Jaune Quick-to-See Smith (b. 1940) is a citizen of the Confederated Salish and Kootenai Nation, Montana. Smith has been creating complex abstract paintings and prints since the 1970s. Combining appropriated imagery from commercial slogans and signage, art history, and personal narratives, she forges an intimate visual language to convey her insistent socio-political commentary with powerful clarity. Smith’s multifaceted work is grounded in themes of personal and political identity. 

Smith received an AA degree from Olympic College in Bremerton, Washington, in 1960; a BA in art education from Framingham State College, Massachusetts, in 1976; and an MA in Visual Arts from the University of New Mexico in 1980.
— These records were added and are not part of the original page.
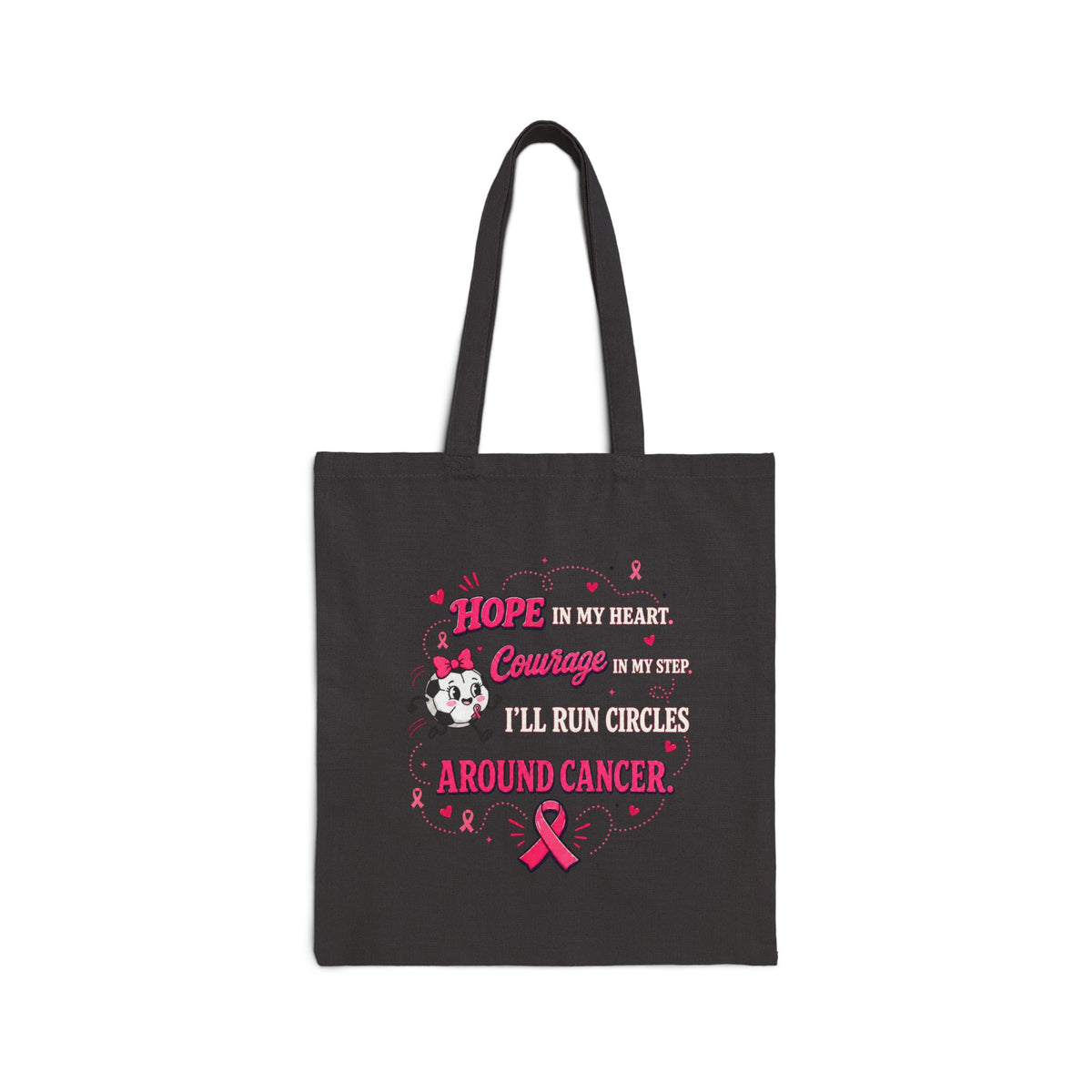 Kick Cancer Breast Cancer Awareness Tote | Pink Ribbon Cotton Canvas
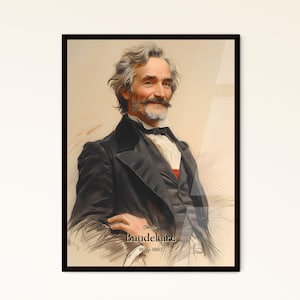 Charles, Baudelaire, 1821-1867, Un cartel de un hombre con bigote y barba vestido con un traje.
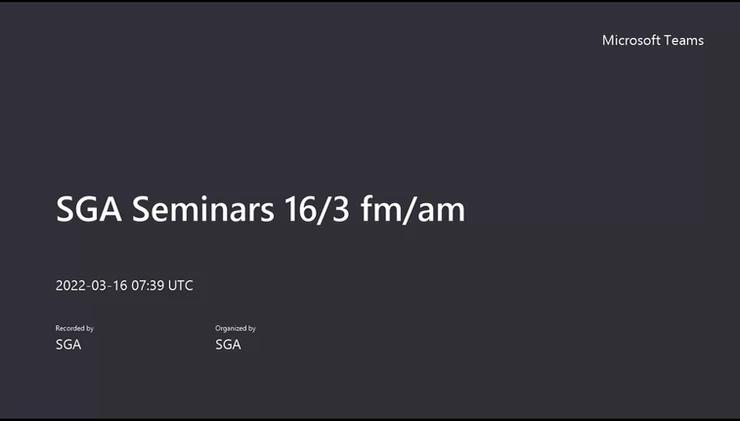 sga seminars 16 / 3 fm / am is displayed on a microsoft teams screen .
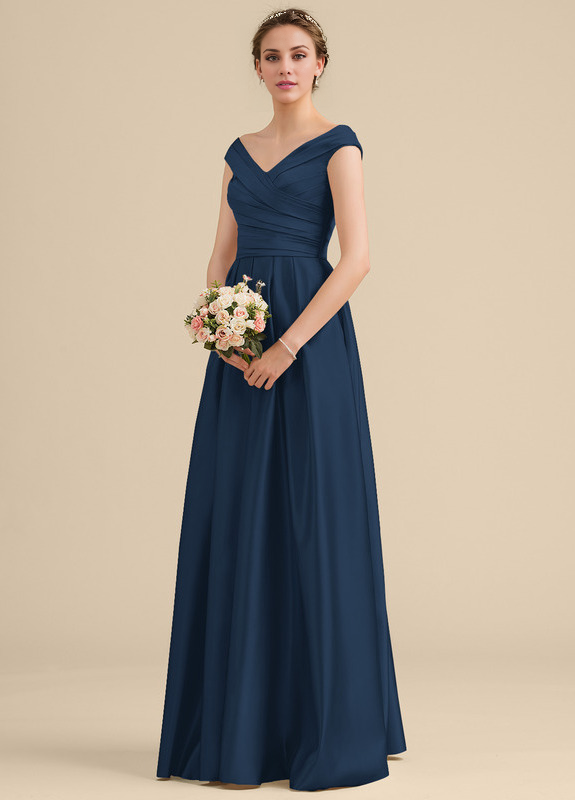 Vestido de dama de honor de satén con volantes, corte A, hombros descubiertos y largo hasta el suelo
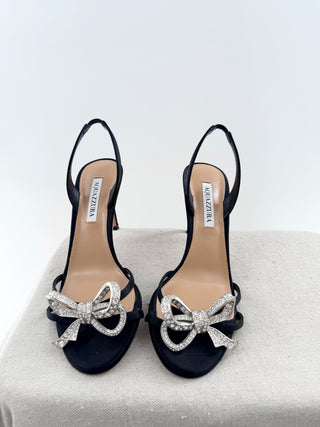 Aquazzura satin rhinestone bow heel sandals, 39.5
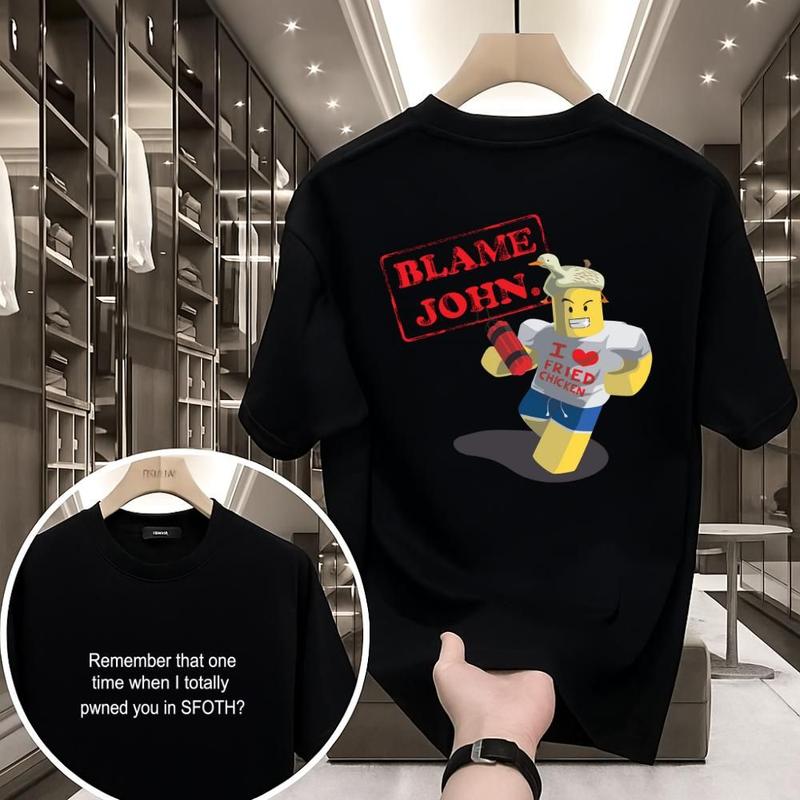 [Sale Up To 50%] [100% Cotton] Roblox Tshirt, Shedletsky Blame John Tshirt, Shedletsky Forsaken Shirt, Roblox Shirt For Men,Blame John Tee, Gamer Shirt, Oversized, Unisex, Top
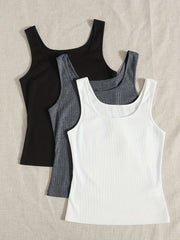 3 Pack Plus Size Basic Tank Top Set Women's Plus Solid Ribbed Round Neck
Smith has received numerous awards, including the Academy of Arts and Letters Purchase Award (1987); Joan Mitchell Foundation Painters & Sculptors Grant (1996); Women’s Caucus for the Arts Lifetime Achievement Award (1997); College Art Association Women in the Arts Award (2002); New Mexico Governor’s Award for Excellence in the Arts (2005); ArtTable Artist Honoree (2011); Georgia O’Keeffe Museum Living Artist of Distinction Award (2012); Montana Governor’s Award (2018); New York Foundation for the Arts Murray Reich Distinguished Artist Award (2019); United States Artists Fellowship (2020); Anonymous Was A Woman Award (2022); and Barnard College’s Medal of Distinction (2022). Smith has been honored with honorary doctorates from the Minneapolis College of Art and Design (1992); Pennsylvania Academy of Fine Arts, Philadelphia (1998); Massachusetts College of Art and Design, Boston (2003); and the University of New Mexico, Albuquerque (2009).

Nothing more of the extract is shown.